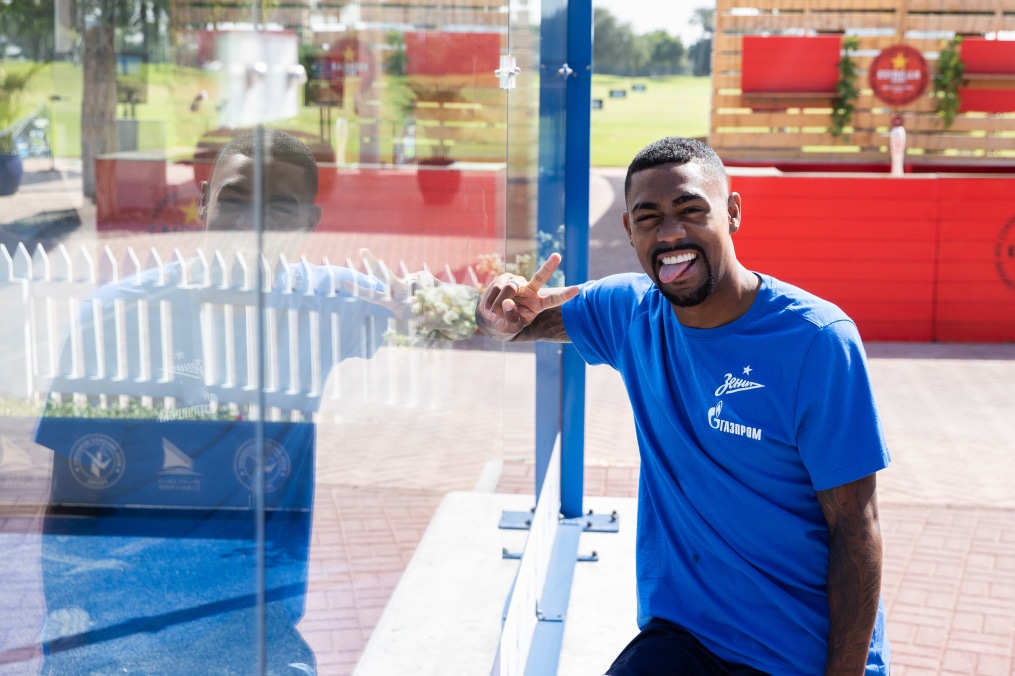 «Газпром» — тренировочные сборы в Дубае, 11 февраля: утренняя тренировка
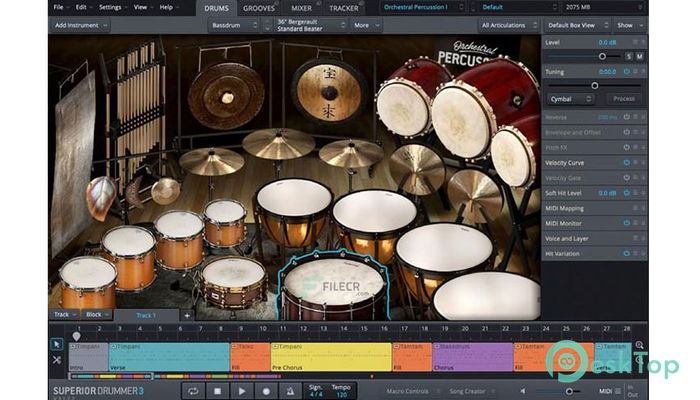 Download Toontrack Superior Drummer 3.2.3 Free Full Activated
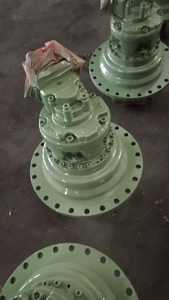 มอเตอร์เคลื่อนที่ JCB 332/L9328 JS205ขับเคลื่อนสุดท้ายหนอนผีเสื้อ330ซ่อมมอเตอร์แบบไฮโดรสแตติกมอเตอร์ - Product Image 2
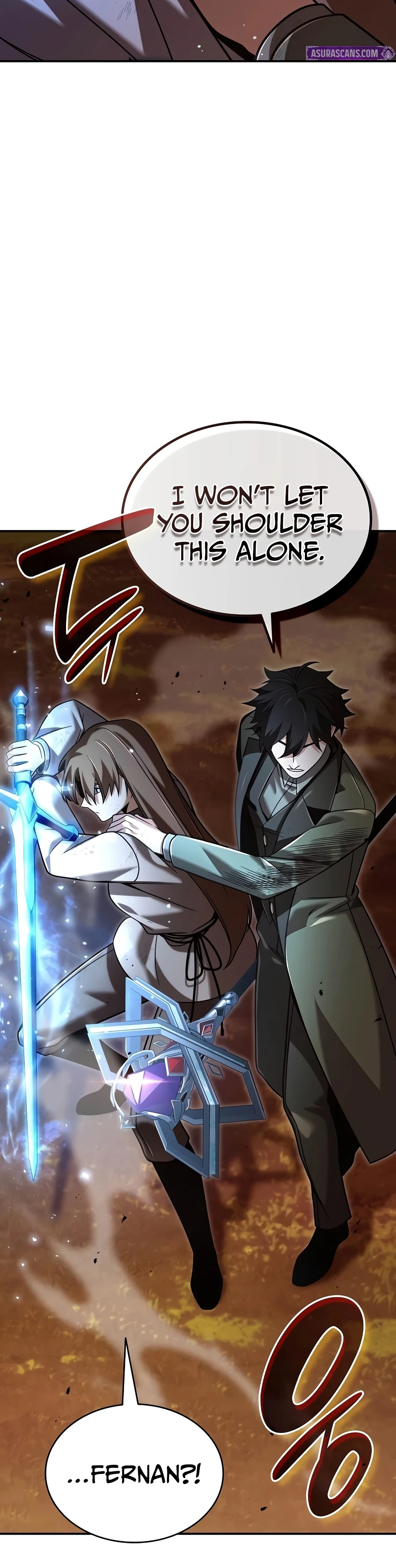 A Cadet Becomes a Prophet?! Chapter 54 - Page 8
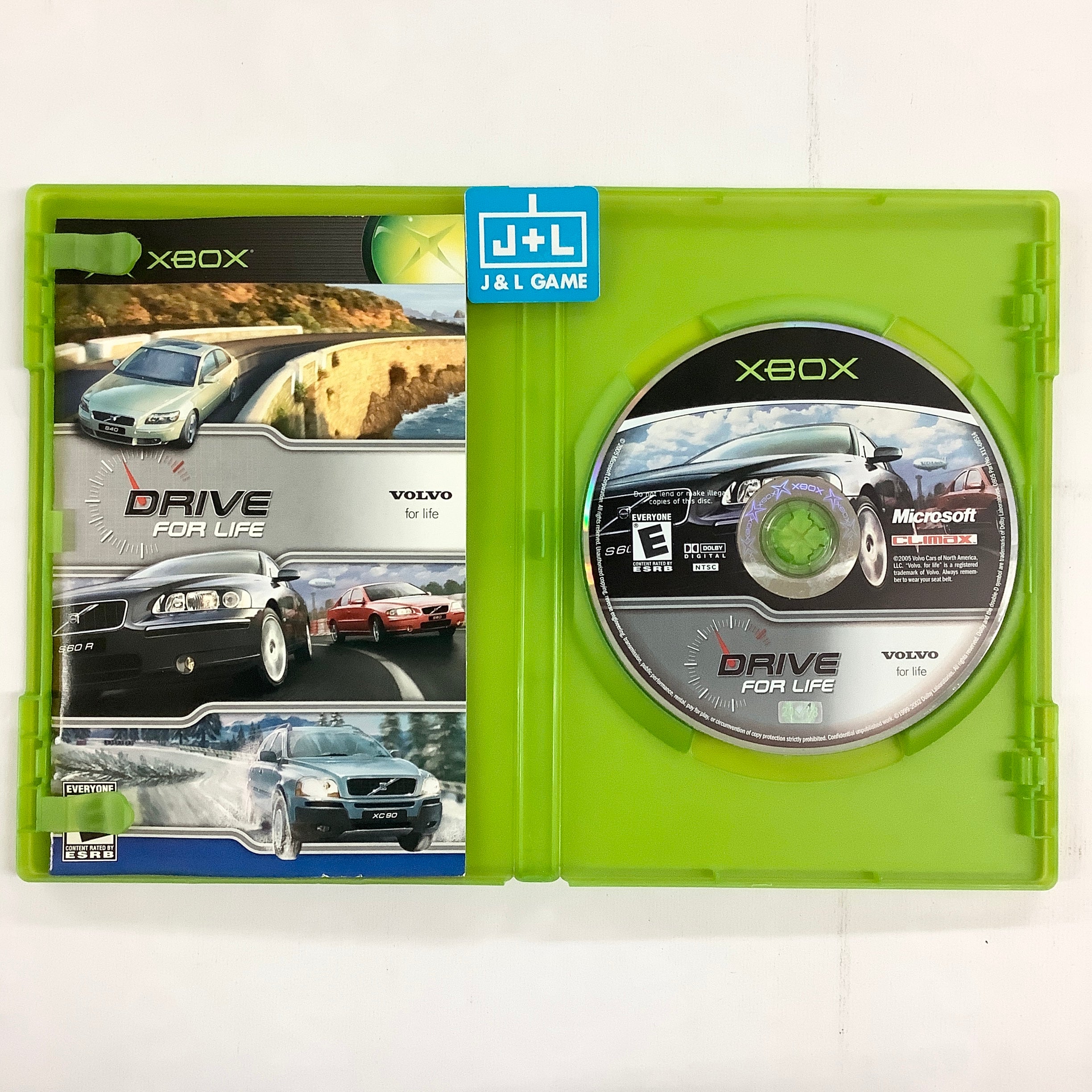 Volvo: Drive for Life - (XB) Xbox [Pre-Owned] | J&L Game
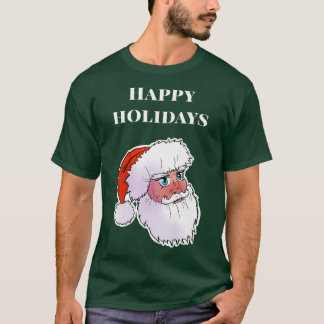 Glad helg, Anime Santa T Shirt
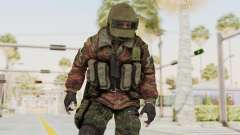 Battery Online Russian Soldier 10 v2 für GTA San Andreas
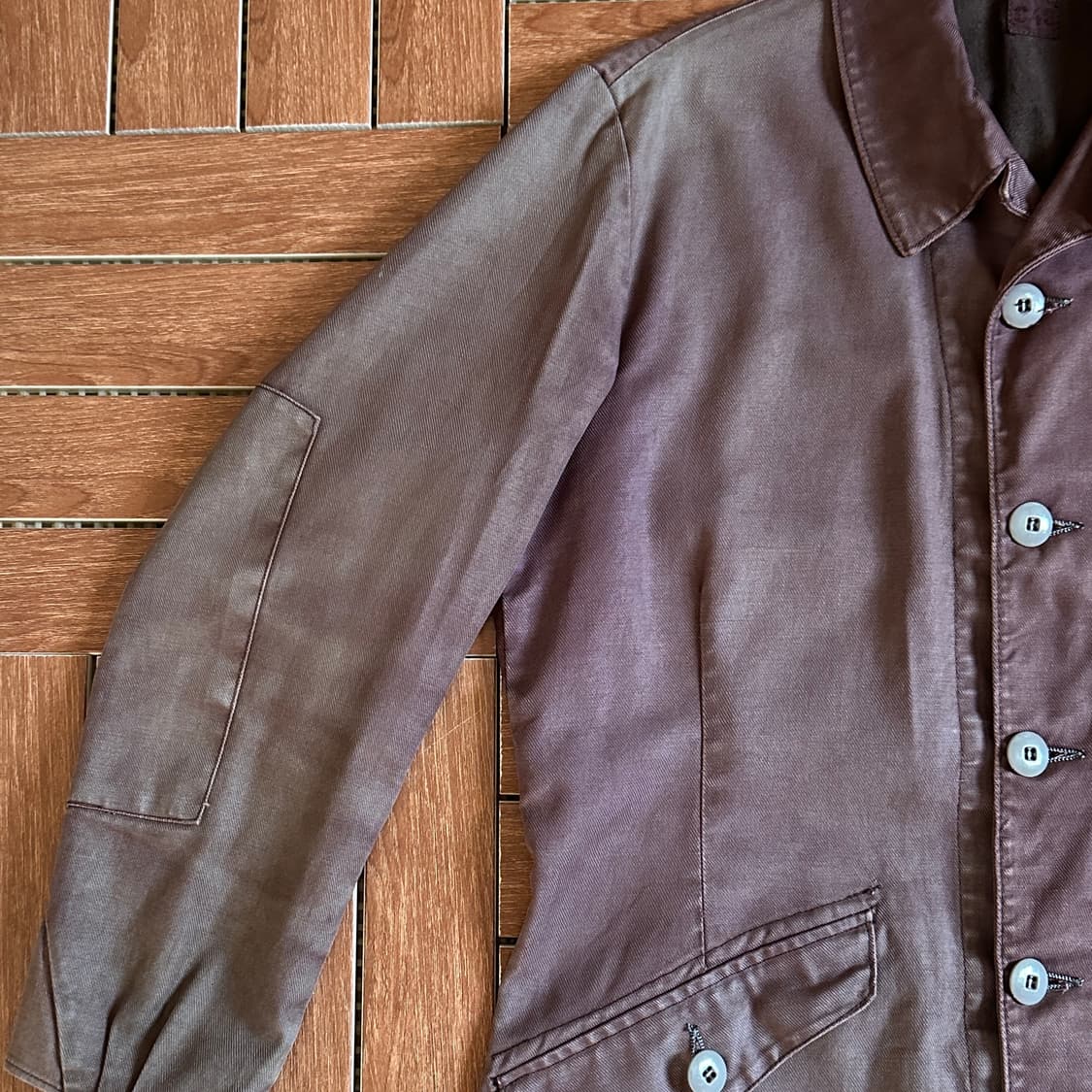 70’s Swedish army M-59 field jacket 상품이미지3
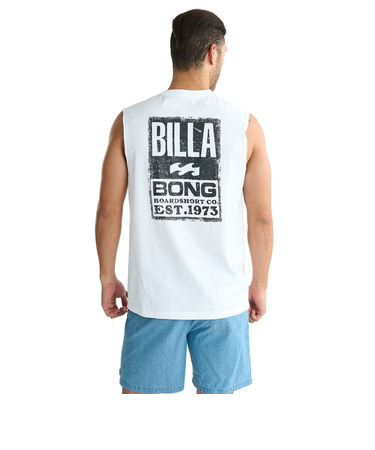 【OUTLET】BILLABONG メンズ ADVISORY TAG タンクトップ【MUSCLE FIT】 【2025年夏モデル】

ABOUT THIS TASK:
With pictures removed, write out exactly each line of the entries from the first through the line that holds "Battery Online Russian".

REPLY:
 «Газпром» — тренировочные сборы в Дубае, 11 февраля: утренняя тренировка
 Download Toontrack Superior Drummer 3.2.3 Free Full Activated
 มอเตอร์เคลื่อนที่ JCB 332/L9328 JS205ขับเคลื่อนสุดท้ายหนอนผีเสื้อ330ซ่อมมอเตอร์แบบไฮโดรสแตติกมอเตอร์ - Product Image 2
 A Cadet Becomes a Prophet?! Chapter 54 - Page 8
 Volvo: Drive for Life - (XB) Xbox [Pre-Owned] | J&L Game
 Glad helg, Anime Santa T Shirt
 Battery Online Russian Soldier 10 v2 für GTA San Andreas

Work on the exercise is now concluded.